Non è per caso, quindi, se in Calabria molte donne stanno facendo la differenza contro la ‘ndrangheta. E non sono solo le sindache Elisabetta Tripodi, Carolina Girasole, Maria Carmela Lanzetta e tutte le donne che rischiano la vita ogni santo giorno per aver scelto consapevolmente, e con coraggio, di lavorare al servizio della comunità. Ma anche quelle donne che hanno sempre vissuto in un tessuto familiare e sociale intriso di criminalità efferata, che non hanno potuto mai avere grandi chances nella vita, che sono cresciute nell’ordine simbolico monosessuale (maschile), che sanno sul loro corpo cosa vuol dire violenza, ma che riescono a trovare la forza e autorizzano se stesse ad altro.

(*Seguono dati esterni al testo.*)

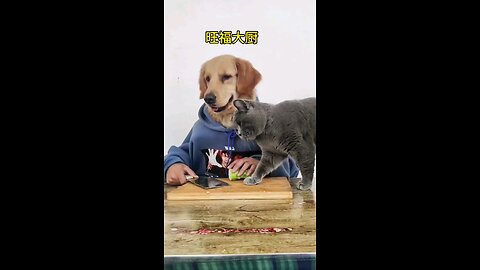 Dog Funny video.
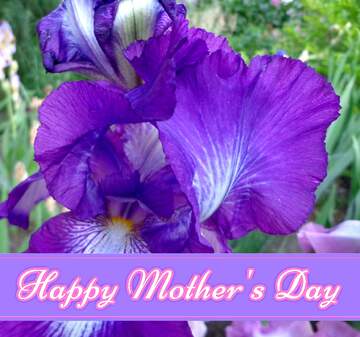 FX №171336 Bright iris flower Pretty Lettering Happy Mothers Day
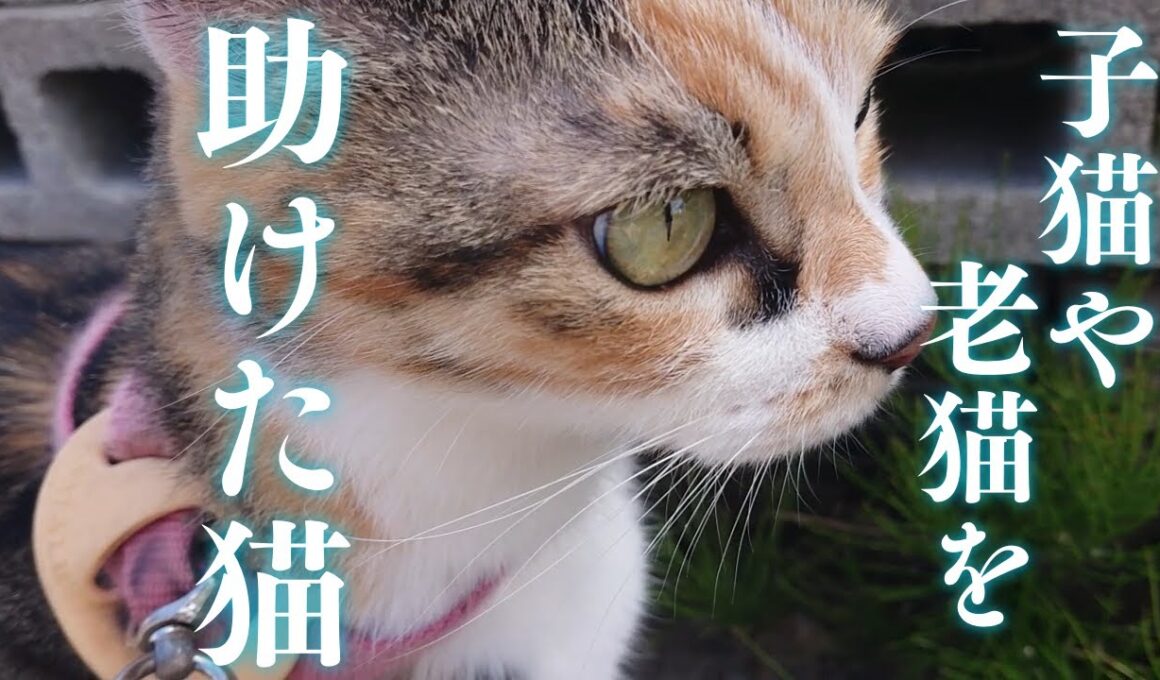 子猫や老猫を食べようとする奴が、ついに人間にまで手を出して来た！？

Nel nome di Lea Garofalo (testimone di giustizia torturata, uccisa e sciolta nell’acido nel novembre 2009, a 35 anni), Tita Buccafusca (testimone di giustizia suicidata nell’aprile 2011, a 38 anni), Maria Concetta Cacciola (testimone di giustizia suicidata nell’agosto 2011, a 31 anni), che hanno pagato con la vita; per Denise, la figlia di Lea che si è costituita parte civile contro il padre; per Giuseppina Pesce che ha ripreso a collaborare, dopo aver ritrattato per il (fondato) timore che potesse succedere qualcosa ai suoi figli; per tutte le Sdisonorate e le Malanova calabresi.